The Father (2020) era más rigurosa en este sentido. Descubrir allí las tomas subjetivas de hija (Olivia Colman) y papá (Anthony Hopkins) conllevaba que los espectadores sintiéramos la leve pérdida de identidad ocurrida cuando vemos esta y acaso toda obra. Pero la condición de aquel papá es distinta a la de este hijo. Y el entorno es diferente. De todas maneras, Zeller convoca de nuevo a Hopkins para hacer del abuelo del protagonista y así matizar cualquier lectura unívoca que terminaría siendo necia.
A propósito de actuaciones, desde el inicio Laura Dern y Hugh Jackman ofrecen a sus personajes miradas de extravío, ternura y engaño. El mejor ejemplo de sus gestualidades genuinas, aparte de la intimidad lograda por la falta de ensayo previo a la grabación, es el recuerdo pueril que parece nunca acabar.
Papá e hijo están en la costa, mamá espera a varios metros en el yate; de nuevo una escena en la que solo están dos de ellos, por más que aquí el matrimonio seguía unido. Y él lo incentiva a nadar, lo logra, pero ninguno termina de llegar donde mamá.
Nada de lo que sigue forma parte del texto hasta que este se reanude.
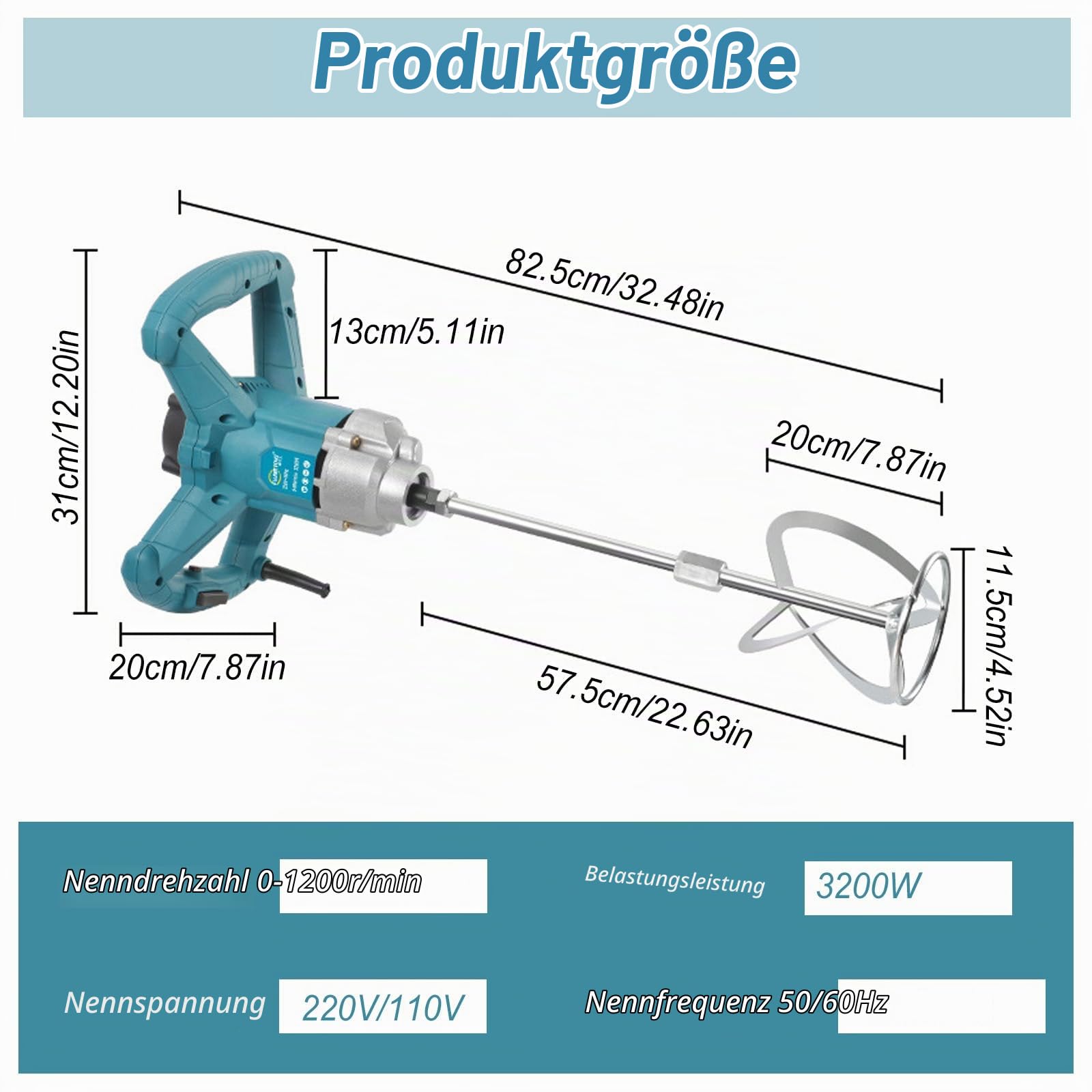 Akku Farbmörtelrührer Kompatibel mit Makita 18V Batterie,Elektrischer Mörtelrührer mit 6 Geschwindigkeiten,3200W Rührwerk max 1200r/min,Mörtelrührer für Zement,Beton und Farbe(ohne Akku)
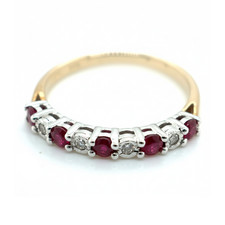 9ct Yellow & White Gold Ruby & Diamond 9 Stone Ring Size N Pre-Owned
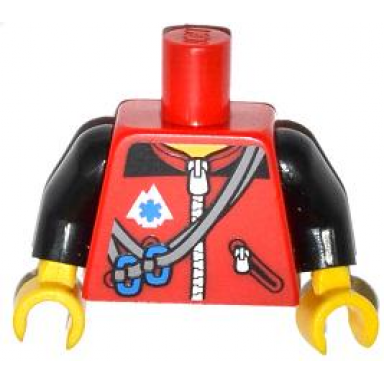 red torso zipper jacket with ropes blue carabiners and emt star of life pattern black arms yellow hands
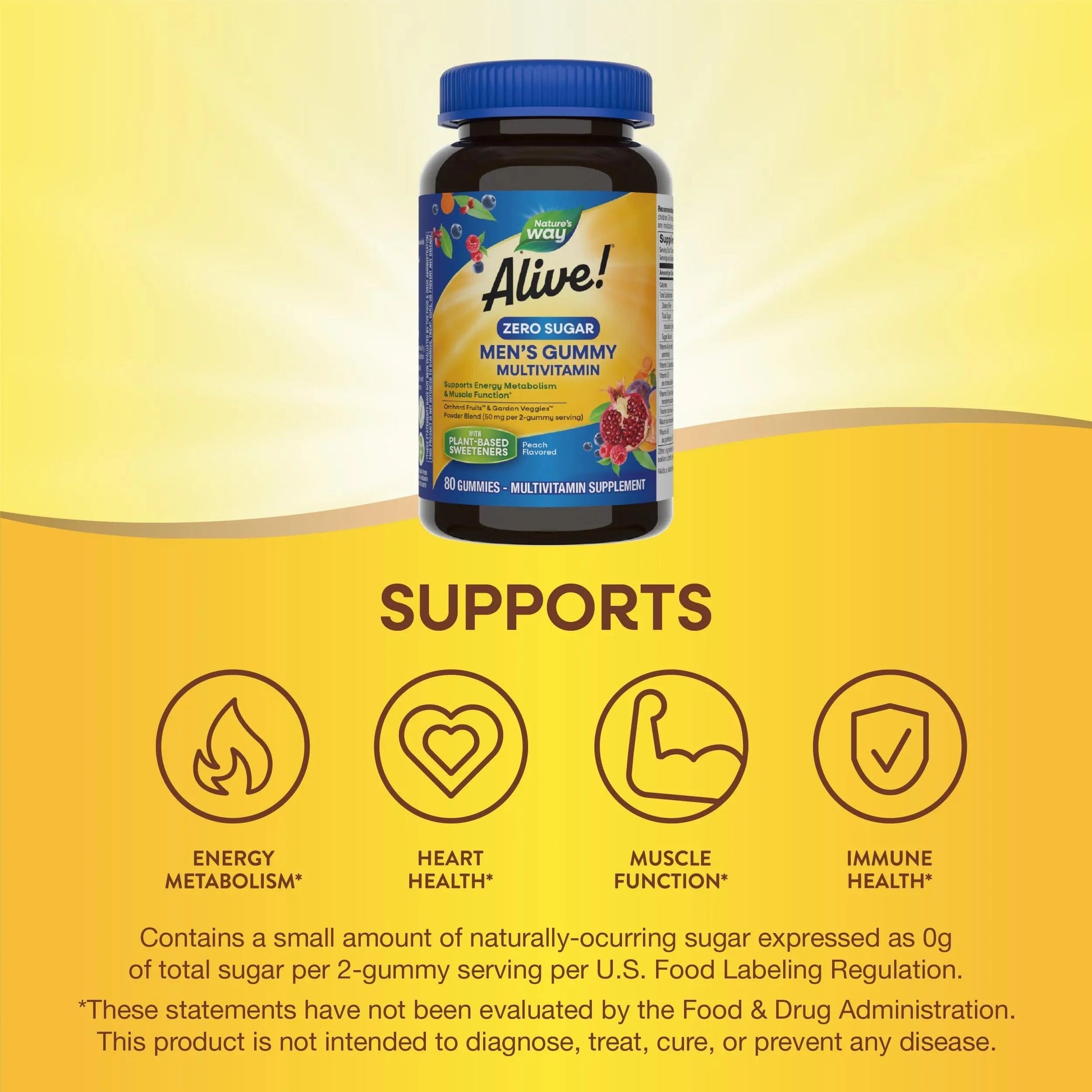 Nature’s Way Alive! Zero Sugar Men's Gummy Multivitamins, Energy Metabolism*, Muscle Function*, B-Vitamins Nature's Way buy supplements canada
Matar al hijo significa finalmente deshacerse de su dependencia y de su dificultad por conseguir las causas intrínsecas de su condición mental. Esto se refleja en la mirada perdida de Zen McGrath. Su suicidio consolidará luego la aceptación de que la independencia fue imposible en el entorno inmediato.
Por películas como la de Zeller sentimos que el cine hace más reveladora una certeza: la imagen en movimiento puede emular un estado depresivo y distanciarse de este hasta aclarar las perspectivas confusas que lo generaron.